■ What you have to do
Some of the lines below need repeating. Reproduce exactly those between the lines holding "Limewood Hotel Port Harcourt Buitenkant foto" and "Ông Trương Bá", inclusive.

[Dataset entries]

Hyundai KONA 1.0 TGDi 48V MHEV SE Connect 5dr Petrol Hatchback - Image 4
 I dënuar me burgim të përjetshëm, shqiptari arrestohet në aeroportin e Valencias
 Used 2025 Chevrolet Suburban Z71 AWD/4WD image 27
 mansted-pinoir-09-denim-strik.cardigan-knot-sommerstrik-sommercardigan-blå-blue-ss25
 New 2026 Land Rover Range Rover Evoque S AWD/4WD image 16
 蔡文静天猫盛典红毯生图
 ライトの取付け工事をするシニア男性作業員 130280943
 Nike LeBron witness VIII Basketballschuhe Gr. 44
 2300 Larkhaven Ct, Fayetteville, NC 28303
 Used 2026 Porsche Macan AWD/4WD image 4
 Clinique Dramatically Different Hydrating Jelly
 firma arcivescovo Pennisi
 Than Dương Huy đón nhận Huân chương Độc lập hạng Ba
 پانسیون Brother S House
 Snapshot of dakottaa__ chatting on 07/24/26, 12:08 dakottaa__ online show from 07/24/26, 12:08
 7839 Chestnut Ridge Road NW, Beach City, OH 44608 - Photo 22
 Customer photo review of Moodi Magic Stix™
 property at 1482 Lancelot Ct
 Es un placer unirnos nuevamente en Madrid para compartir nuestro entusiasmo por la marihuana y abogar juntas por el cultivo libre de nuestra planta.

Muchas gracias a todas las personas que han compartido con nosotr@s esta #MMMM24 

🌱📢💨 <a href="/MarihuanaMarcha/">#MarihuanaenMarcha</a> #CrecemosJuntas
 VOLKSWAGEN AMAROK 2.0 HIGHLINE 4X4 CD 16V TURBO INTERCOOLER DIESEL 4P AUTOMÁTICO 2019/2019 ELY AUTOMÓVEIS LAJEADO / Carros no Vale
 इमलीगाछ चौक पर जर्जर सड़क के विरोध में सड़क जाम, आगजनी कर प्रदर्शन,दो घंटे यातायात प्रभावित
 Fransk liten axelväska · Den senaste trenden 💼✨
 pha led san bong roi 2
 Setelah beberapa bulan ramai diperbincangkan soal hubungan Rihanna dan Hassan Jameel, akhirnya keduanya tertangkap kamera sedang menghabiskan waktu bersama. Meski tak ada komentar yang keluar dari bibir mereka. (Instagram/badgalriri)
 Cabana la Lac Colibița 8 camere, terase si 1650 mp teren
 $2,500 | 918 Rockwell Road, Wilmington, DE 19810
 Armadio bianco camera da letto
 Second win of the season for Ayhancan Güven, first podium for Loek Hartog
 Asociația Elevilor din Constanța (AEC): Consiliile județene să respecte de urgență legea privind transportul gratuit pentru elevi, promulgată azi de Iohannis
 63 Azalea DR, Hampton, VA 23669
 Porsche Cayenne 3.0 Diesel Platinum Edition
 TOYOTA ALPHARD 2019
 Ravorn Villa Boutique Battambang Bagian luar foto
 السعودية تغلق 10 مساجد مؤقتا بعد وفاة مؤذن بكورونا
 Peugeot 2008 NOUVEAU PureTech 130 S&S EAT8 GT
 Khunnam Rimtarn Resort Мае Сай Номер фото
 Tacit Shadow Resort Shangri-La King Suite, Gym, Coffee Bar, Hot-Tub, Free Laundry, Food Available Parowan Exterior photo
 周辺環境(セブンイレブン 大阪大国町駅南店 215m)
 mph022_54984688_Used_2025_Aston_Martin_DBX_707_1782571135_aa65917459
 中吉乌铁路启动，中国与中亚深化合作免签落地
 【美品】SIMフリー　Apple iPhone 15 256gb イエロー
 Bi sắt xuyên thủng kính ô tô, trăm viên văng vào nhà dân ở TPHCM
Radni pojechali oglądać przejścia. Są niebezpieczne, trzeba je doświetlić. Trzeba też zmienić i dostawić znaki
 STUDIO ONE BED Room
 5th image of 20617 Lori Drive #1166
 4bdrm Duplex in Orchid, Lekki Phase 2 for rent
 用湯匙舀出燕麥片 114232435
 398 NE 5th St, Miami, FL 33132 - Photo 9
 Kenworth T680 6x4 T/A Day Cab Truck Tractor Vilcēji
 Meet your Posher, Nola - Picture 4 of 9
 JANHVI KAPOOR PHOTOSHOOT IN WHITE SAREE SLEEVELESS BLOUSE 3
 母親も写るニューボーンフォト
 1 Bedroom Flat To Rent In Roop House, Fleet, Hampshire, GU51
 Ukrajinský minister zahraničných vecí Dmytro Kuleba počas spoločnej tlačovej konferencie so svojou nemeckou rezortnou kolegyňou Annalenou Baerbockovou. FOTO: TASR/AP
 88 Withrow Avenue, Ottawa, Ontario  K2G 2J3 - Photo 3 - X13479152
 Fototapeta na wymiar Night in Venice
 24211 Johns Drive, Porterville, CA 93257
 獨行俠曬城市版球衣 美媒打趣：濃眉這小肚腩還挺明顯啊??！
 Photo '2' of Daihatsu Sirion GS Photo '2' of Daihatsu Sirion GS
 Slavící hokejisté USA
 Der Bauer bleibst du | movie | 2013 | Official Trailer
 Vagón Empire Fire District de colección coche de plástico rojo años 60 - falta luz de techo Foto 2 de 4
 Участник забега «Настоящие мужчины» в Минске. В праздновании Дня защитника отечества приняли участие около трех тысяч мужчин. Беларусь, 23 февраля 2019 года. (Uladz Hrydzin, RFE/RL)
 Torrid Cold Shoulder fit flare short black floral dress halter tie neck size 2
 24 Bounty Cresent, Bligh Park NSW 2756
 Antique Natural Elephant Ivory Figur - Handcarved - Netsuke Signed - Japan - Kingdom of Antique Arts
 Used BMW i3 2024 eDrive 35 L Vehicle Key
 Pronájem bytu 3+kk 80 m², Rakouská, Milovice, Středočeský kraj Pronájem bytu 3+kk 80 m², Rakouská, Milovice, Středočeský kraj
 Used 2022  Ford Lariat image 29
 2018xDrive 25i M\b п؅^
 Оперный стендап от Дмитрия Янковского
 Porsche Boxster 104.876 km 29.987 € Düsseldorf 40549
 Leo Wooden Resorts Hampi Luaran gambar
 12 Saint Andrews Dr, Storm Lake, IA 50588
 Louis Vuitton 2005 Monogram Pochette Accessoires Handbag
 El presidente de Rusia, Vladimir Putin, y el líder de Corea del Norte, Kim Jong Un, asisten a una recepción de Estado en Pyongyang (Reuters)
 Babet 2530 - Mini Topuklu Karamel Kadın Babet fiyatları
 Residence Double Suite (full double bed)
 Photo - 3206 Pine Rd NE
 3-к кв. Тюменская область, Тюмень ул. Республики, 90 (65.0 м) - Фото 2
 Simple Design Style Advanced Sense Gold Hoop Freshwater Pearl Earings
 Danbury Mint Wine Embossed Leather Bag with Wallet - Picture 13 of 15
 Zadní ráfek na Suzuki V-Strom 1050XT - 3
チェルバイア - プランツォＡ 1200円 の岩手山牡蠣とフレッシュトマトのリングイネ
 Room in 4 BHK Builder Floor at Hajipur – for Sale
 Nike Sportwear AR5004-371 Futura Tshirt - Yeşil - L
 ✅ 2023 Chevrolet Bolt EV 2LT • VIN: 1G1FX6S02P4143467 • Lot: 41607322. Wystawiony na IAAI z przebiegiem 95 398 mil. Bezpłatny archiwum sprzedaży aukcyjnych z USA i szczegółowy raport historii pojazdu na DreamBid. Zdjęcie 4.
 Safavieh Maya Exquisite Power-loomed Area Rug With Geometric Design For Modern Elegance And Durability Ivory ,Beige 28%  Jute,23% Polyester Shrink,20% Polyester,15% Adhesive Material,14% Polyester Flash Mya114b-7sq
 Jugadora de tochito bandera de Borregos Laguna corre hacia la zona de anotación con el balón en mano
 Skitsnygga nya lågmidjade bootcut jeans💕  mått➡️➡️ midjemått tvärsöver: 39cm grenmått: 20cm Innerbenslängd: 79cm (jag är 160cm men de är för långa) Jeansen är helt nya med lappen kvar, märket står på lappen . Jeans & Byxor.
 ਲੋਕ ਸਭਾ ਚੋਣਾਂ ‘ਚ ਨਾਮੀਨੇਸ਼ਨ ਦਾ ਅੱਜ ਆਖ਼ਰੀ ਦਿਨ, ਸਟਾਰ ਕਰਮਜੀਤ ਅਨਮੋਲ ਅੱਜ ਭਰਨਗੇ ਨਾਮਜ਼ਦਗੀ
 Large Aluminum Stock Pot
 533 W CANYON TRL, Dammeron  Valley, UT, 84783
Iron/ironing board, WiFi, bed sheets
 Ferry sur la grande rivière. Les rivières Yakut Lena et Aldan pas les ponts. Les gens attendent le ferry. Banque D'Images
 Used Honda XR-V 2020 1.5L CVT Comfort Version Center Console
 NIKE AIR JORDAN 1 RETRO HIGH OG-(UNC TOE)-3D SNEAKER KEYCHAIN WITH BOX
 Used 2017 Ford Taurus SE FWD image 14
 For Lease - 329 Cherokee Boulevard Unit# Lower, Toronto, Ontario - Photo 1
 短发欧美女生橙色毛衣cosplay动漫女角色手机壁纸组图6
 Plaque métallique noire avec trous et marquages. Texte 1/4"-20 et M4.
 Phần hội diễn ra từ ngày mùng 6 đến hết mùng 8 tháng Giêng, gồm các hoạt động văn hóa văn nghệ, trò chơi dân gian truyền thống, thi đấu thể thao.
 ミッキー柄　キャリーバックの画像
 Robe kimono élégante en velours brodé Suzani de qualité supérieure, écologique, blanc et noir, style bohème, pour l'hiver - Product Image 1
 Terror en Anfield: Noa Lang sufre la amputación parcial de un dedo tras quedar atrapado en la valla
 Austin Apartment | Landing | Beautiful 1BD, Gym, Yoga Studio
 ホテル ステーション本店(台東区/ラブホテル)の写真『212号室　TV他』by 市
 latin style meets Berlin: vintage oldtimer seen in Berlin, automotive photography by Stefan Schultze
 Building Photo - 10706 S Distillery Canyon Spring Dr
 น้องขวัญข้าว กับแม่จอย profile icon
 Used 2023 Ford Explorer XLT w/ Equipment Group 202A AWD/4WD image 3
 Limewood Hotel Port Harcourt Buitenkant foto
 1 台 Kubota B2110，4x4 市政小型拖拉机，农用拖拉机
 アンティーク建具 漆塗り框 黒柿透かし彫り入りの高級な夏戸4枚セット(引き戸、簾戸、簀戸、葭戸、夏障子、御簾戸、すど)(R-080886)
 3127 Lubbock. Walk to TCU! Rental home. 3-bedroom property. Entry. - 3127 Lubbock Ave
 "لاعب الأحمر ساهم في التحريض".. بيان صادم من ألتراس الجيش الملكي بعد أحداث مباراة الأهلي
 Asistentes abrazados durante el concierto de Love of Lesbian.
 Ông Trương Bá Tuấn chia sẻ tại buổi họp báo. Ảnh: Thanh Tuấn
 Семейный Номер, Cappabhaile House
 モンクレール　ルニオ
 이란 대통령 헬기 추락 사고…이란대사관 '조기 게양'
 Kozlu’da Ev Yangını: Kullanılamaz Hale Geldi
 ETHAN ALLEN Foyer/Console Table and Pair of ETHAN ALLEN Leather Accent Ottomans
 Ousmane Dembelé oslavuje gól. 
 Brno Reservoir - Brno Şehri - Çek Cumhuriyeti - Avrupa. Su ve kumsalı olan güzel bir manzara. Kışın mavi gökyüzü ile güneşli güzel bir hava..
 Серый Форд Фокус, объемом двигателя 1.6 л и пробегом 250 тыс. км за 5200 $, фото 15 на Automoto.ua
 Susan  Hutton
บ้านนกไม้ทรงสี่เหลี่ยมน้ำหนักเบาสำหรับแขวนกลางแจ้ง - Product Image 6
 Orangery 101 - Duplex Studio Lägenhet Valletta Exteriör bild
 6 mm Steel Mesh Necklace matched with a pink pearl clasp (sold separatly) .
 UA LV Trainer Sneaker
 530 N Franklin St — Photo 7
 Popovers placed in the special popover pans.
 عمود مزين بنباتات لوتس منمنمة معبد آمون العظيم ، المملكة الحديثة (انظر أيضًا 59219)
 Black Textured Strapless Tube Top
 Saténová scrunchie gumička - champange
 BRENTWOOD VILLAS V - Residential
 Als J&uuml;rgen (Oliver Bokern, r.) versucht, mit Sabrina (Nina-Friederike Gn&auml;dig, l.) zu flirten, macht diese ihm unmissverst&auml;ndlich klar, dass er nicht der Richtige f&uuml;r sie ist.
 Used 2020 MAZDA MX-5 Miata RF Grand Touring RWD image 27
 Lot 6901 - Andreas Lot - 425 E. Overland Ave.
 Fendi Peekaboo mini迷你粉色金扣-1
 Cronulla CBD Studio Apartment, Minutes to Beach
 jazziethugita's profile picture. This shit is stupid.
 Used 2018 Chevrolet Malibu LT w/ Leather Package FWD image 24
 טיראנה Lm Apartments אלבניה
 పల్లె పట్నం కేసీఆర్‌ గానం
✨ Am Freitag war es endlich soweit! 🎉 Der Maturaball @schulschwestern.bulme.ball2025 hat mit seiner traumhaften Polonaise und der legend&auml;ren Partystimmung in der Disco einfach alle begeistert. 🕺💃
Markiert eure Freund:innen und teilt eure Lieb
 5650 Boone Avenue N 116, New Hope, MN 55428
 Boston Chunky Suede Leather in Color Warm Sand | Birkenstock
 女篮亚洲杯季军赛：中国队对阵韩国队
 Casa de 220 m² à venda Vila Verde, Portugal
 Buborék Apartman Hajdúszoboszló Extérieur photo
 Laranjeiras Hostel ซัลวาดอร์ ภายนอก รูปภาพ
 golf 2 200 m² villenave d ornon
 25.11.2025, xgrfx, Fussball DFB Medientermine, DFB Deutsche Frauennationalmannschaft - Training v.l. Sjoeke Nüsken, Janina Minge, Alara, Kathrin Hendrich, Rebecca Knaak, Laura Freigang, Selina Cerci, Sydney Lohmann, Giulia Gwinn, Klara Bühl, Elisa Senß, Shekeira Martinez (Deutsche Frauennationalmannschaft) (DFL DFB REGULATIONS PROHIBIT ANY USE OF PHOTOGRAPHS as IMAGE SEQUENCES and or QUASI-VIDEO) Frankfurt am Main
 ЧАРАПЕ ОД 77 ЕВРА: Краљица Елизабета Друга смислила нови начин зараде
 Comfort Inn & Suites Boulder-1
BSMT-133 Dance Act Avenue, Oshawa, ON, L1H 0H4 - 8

■ Output for this task
 Limewood Hotel Port Harcourt Buitenkant foto
 1 台 Kubota B2110，4x4 市政小型拖拉机，农用拖拉机
 アンティーク建具 漆塗り框 黒柿透かし彫り入りの高級な夏戸4枚セット(引き戸、簾戸、簀戸、葭戸、夏障子、御簾戸、すど)(R-080886)
 3127 Lubbock. Walk to TCU! Rental home. 3-bedroom property. Entry. - 3127 Lubbock Ave
 "لاعب الأحمر ساهم في التحريض".. بيان صادم من ألتراس الجيش الملكي بعد أحداث مباراة الأهلي
 Asistentes abrazados durante el concierto de Love of Lesbian.
 Ông Trương Bá Tuấn chia sẻ tại buổi họp báo. Ảnh: Thanh Tuấn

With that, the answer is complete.